In 2009, former CIA Director Leon Panetta authorized access to millions of documents to then-Committee chairperson, Sen. Dianne Feinstein. Documenting the CIA’s Rendition, Detention, and Interrogation (RDI) program between the years 2001—2006, the reports gave a damning account of kidnapping, torture, and murder committed by CIA operatives. At the same time, Panetta ordered the CIA to conduct its own investigation into the documents, now referred to as the Panetta Review.
Over 1,000 pages in length, the Panetta Review found that the CIA had repeatedly overstated the value of intelligence gained through torture. Unbeknownst to CIA Director John Brennan, the Senate Intelligence Committee had access to the classified Panetta Review. After five CIA employees — two lawyers and three computer specialists — hacked into files and emails belonging to the Committee, Brennan confronted Sen. Feinstein and accused her Committee of breaching the CIA’s firewall and stealing the Panetta Review. CIA Inspector General David Buckley found his agency guilty of hacking into the Committee’s computers and admonished the five CIA employees.
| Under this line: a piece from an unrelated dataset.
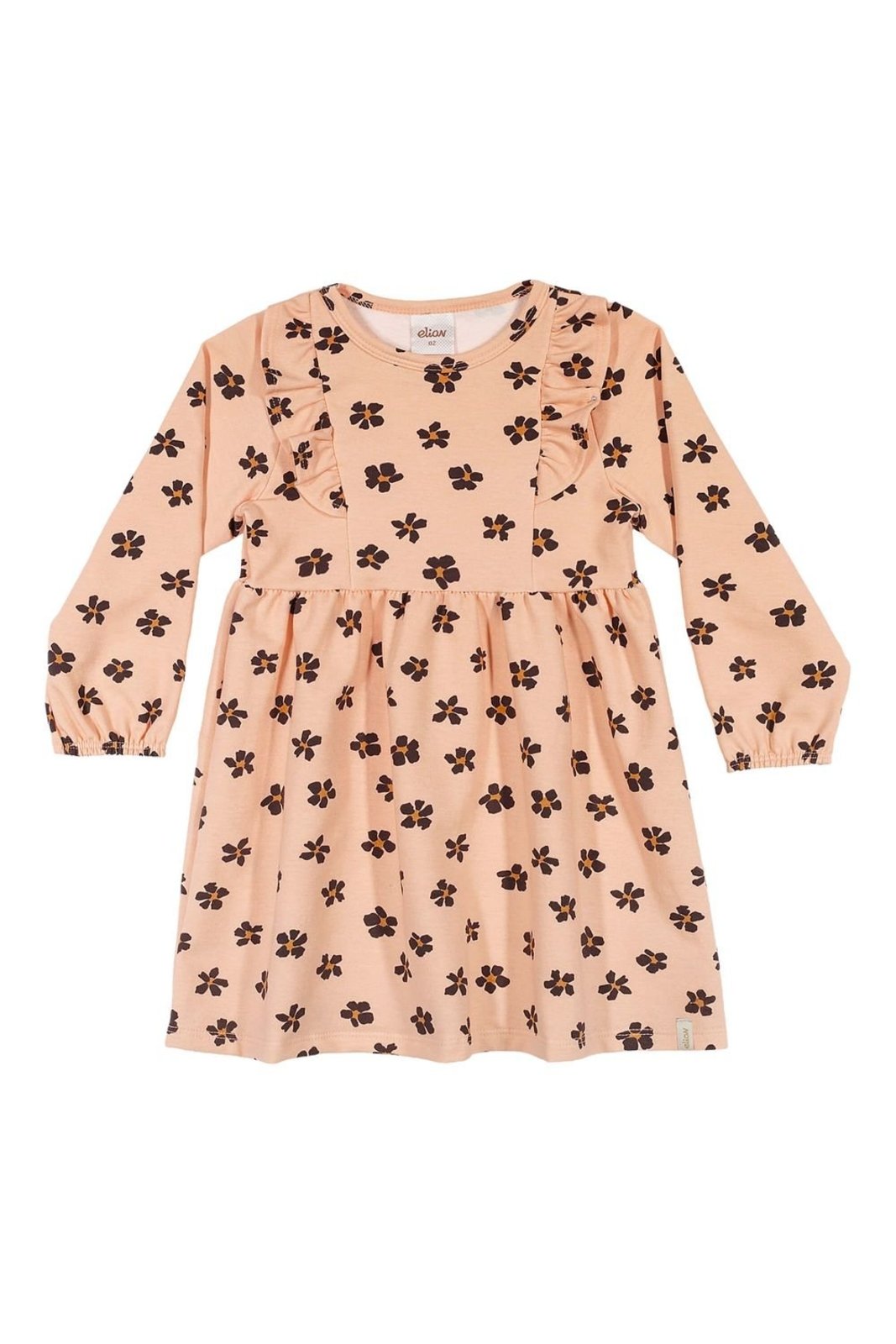 Infantil - Vestido Menina Manga Longa Floral Elian Bege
A CIA accountability panel recently overturned Buckley’s findings. According to an agency news release, Buckley is planning to leave the CIA at the end of the month.
Because the CIA has blocked the Panetta Review’s release under FOIA, Sen. Burr intends to return every copy to the agency in order to suppress the information contained within the inflammatory review. As the new Chairman of the Committee, Burr also wrote letters to the White House and other federal agencies insisting they return all copies of the roughly 6,900-page Senate report on the CIA’s Detention and Interrogation Program. Since executive branch agencies are obligated to respond to FOIA requests, Burr wants the copies of the torture report returned to Congress, which is not subject to such requests.
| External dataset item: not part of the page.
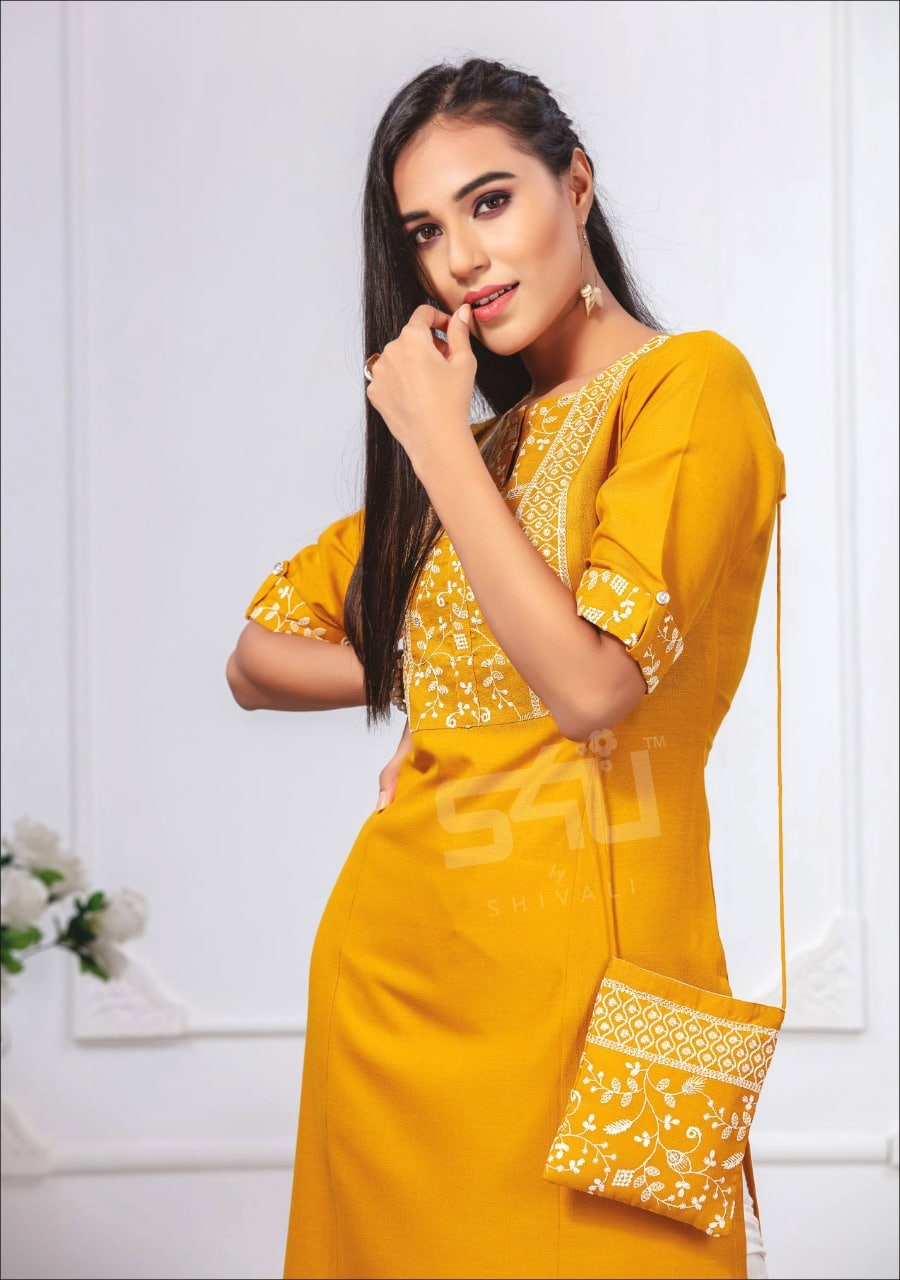 S4U by shivali fyre vol 1 kurties with designer bags at best price online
“In December, when the Senate Intelligence Committee publicly released portions of its report on the CIA’s detention and interrogation program, I sent the full, 6,900-page classified report to the executive branch for use by appropriately cleared officials at the White House, CIA, and other parts of the government,” Feinstein stated on Tuesday. “This was consistent with the committee’s vote to approve the report in December 2012 and declassify portions of it in April 2014.”
“I strongly disagree that the administration should relinquish copies of the full committee study, which contains far more detailed records than the public executive summary,” Feinstein continued. “Doing so would limit the ability to learn lessons from this sad chapter in America’s history and omit from the record two years of work, including changes made to the committee’s 2012 report following extensive discussion with the CIA.”
Only two people have been convicted in relation to the CIA’s torture program. After revealing the torture program during an interview with ABC News, former CIA case officer John Kiriakou was charged with violating the Intelligence Identities Protection Act of 1982. Kiriakou was sentenced to 30 months in prison for giving CIA interrogator Deuce Martinez’s business card to New York Times reporter Scott Shane.
CIA contractor David Passaro was sentenced to 8 years and four months in prison for beating Afghan detainee Abdul Wali to death with a metal flashlight.
Mark Swanner, the CIA interrogator responsible for the death of Manadel al-Jamadi at the Abu Ghraib prison in 2003; Matthew Zirbel, the CIA officer who killed black site detainee Gul Rahman; and Jose Rodriguez, Jr., the CIA Director of National Clandestine Service who authorized the burning of 92 videotapes depicting the harsh interrogations of Abu Zubaydah and ’Abd al-Rahim al-Nashiri; have not been charged with any crimes.